Forum Moderators: DixonJones

Message Too Old, No Replies

Which route to take when reporting large log files?

         

musicales

8:39 am on May 6, 2005 (gmt 0)

10+ Year Member



My largest site gets around 10 million page impressions a month. I'm currently trying to process logs on the server but I'm beginning to give up. Webtrends works sporadically but tends to get overwhelmed, as do several other packages I've looked at - the daily log files comes in at 300Mb and it seems it's just too big for many of them to handle - not to mention the fact that it clogs up the server for 20 mins while it processes them. Not that downloading is much better - how am I supposed to easily download that amount each day. (I'm on windows by the way before someone posts some clever linux solution)
I've looked briefly into hosted solutions but for that number of pages they all seem to charge a fortune. Even google's newly acquired urchin charges an extra $99 per million after the first 100,000 pages.

What other options do I have?

Romeo

9:15 am on May 6, 2005 (gmt 0)

10+ Year Member



You need the log statistics but processing "clogs up the server for 20 mins".
Two solutions come into mind:

(1) if processing daily logs of 300 MB is too heavy for your server and your statistics package, you may try to switch the log more often: every 6 hours or every hour and process smaller chunks of data more often, therefore spreading the clogging load over the day.
At least the Webalizer log statistics package has a convenient incremental mode to support frequent runs.

(2) If you can't or won't do it on your primary http server due to file space and CPU-load constraints, then you need a second server near by (not to 'download' but to transfer the daily logs to; 300 MB on a fast local network should not be a problem), and then processing the logs as you like. This 2nd server may even be a Linux box then ...

Regards,
R.

7_Driver

12:29 am on May 28, 2005 (gmt 0)

10+ Year Member



You can run the logs through a zip program on your webserver - then download the zip files, unzip them and do your stats locally.

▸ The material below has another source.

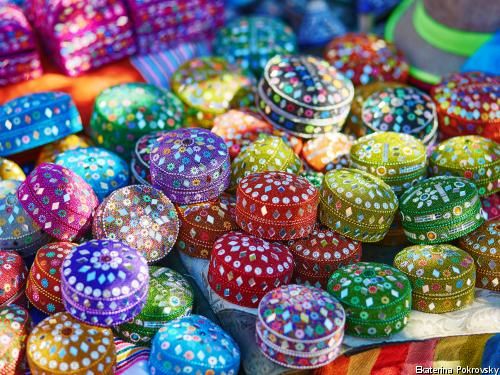 Circuit Boucles Sahariennes en 4x4 pas cher photo 2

The free stats program "analog" is fairly simple, but gives decent basic stats, and it won't bat an eyelid at 300Mb per day.

McElvoy

1:03 am on May 28, 2005 (gmt 0)

10+ Year Member



You don't have a lot of choice. Even a fraction of that amount shouldn't be processed on the server itself if the site's busy or uses a database. Move the logs to another machine on the same network and do it in the middle of the night with a scheduled task. 300 MB won't take that long, (I'm ftp'ing 300 GB right at this moment; now THAT takes awhile). If you're logging images, css, js, etc, turn off logging for those folders and your logs will shrink by 90%. 300 MB should be able to be handled by most stats programs, even really old versions, but it should not be done on a machine that's also serving a site. You could do it on a mediocre older desktop machine if you put enough RAM in it. If a log of that size is clogging up your stats program with only 20 minutes of processing, then you're doing something wrong; ask the vendor for advice, check manual, etc. Analog really could handle this without a hiccup but then Analog doesn't sessionize the hits.

DariusYoung

2:00 am on May 29, 2005 (gmt 0)

10+ Year Member



I am pretty sure there is a hardware issue there either on the processing server or whatever else that your vendor uses. 300mb files aren't even an issue for most standard laptops (like the 300 mb files that I process on my 1 year old one).

In fact, a complete clicktracks run of 300 megs worth of logs on my laptop takes less than an hour.

musicales

6:53 am on May 29, 2005 (gmt 0)

10+ Year Member



Thanks all for the suggestions. Short of buying a new server machine, as suggested, 7_Driver - your suggestion of zipping the files was the answer for now - I was sure I'd tried this and the file size had barely reduced, but I tried again and sure enough it was over 90% less - 30M per day is of course no problem so I will probably just do that and process them on my local computer.

freeflight2

7:04 am on May 29, 2005 (gmt 0)

10+ Year Member



one line (e.g. in a crontab) can do the same job:

rsync -e ssh -avz RemoteHost:/path/to/access.log /local/logfile/path/ && analog

=> transfer + zip on the fly the log file(s), then call analog (or whatever) and process them locally.